Short descriptive text snippets
::::

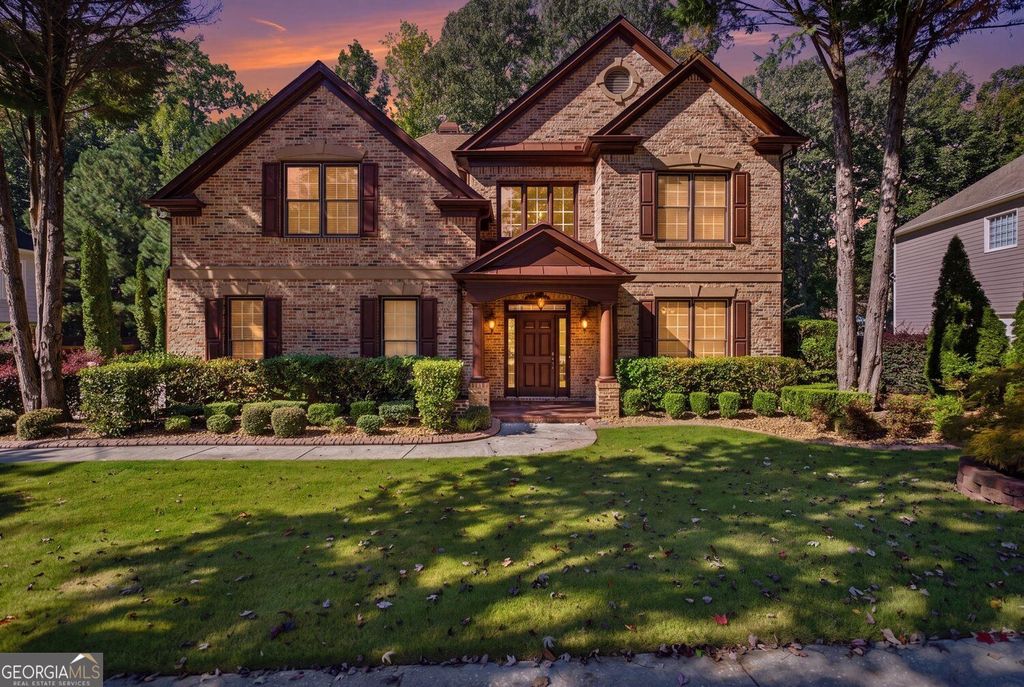 3485 Ellington Way, Atlanta, GA 30349 — exterior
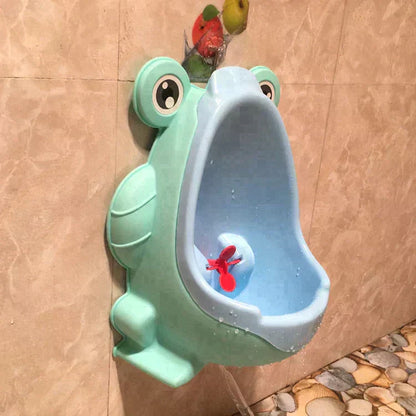 Wall-Mounted Toilet Pee Trainer - Little Ones Paradise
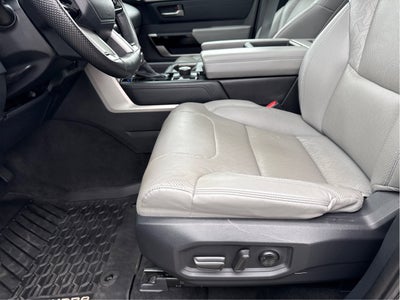 2022 Toyota Tundra 4WD Limited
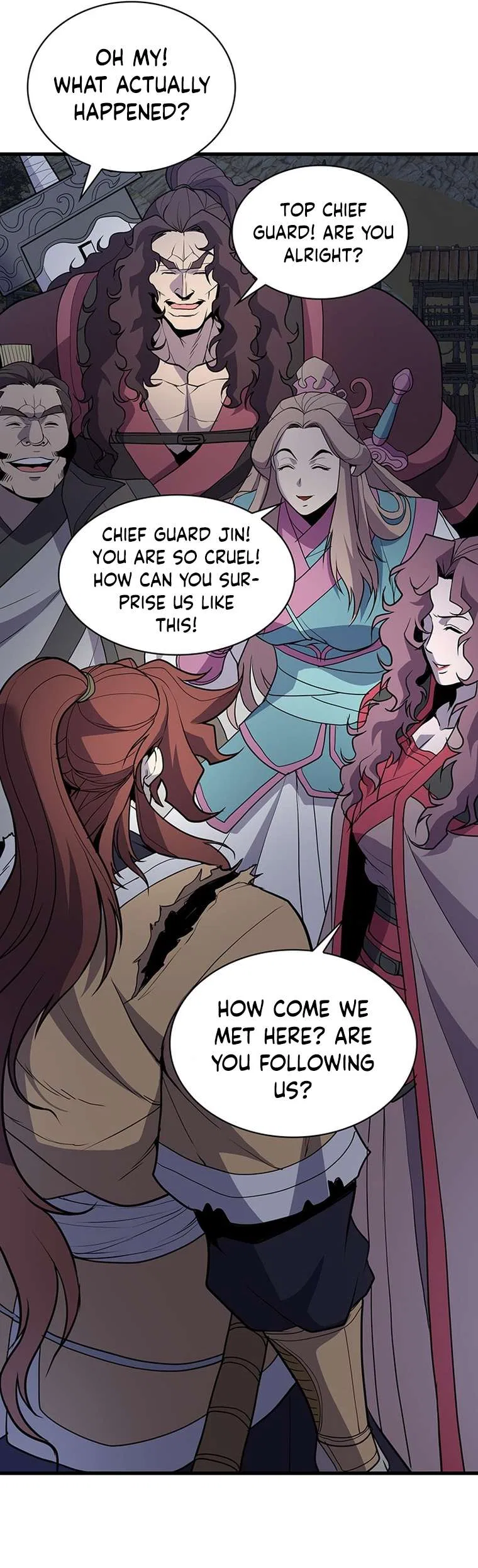The Flag Bearer Warrior Chapter 44 – Page 29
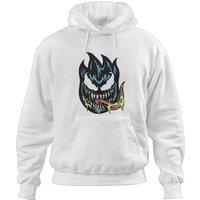 Spitfire Logo Hoodies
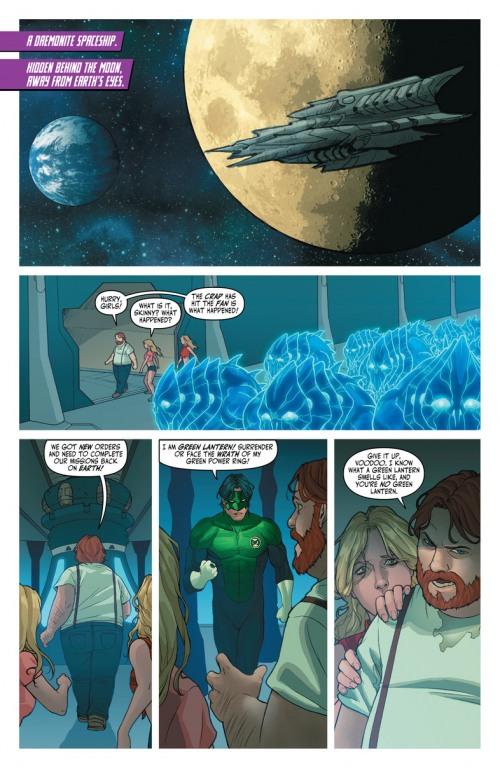 Voodoo #6 : la preview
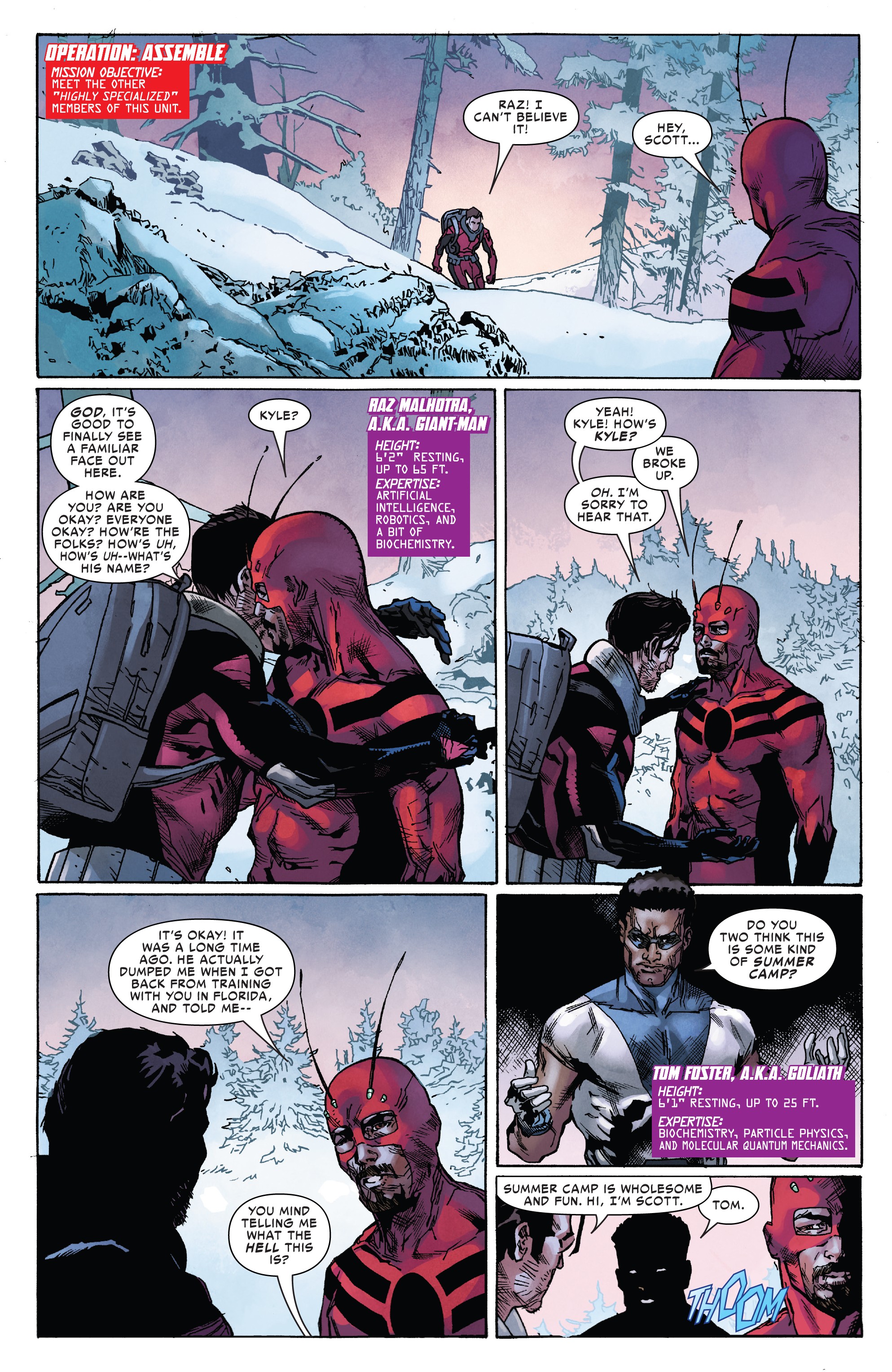 Giant-Man (2019): Chapter 1 - Page 6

::::

▶ _Brief_:
Retype all the entries exactly; drop the pictures.

▶ _Answer to this exercise_:
 3485 Ellington Way, Atlanta, GA 30349 — exterior
 Wall-Mounted Toilet Pee Trainer - Little Ones Paradise
 2022 Toyota Tundra 4WD Limited
The Flag Bearer Warrior Chapter 44 – Page 29
 Spitfire Logo Hoodies
 Voodoo #6 : la preview
 Giant-Man (2019): Chapter 1 - Page 6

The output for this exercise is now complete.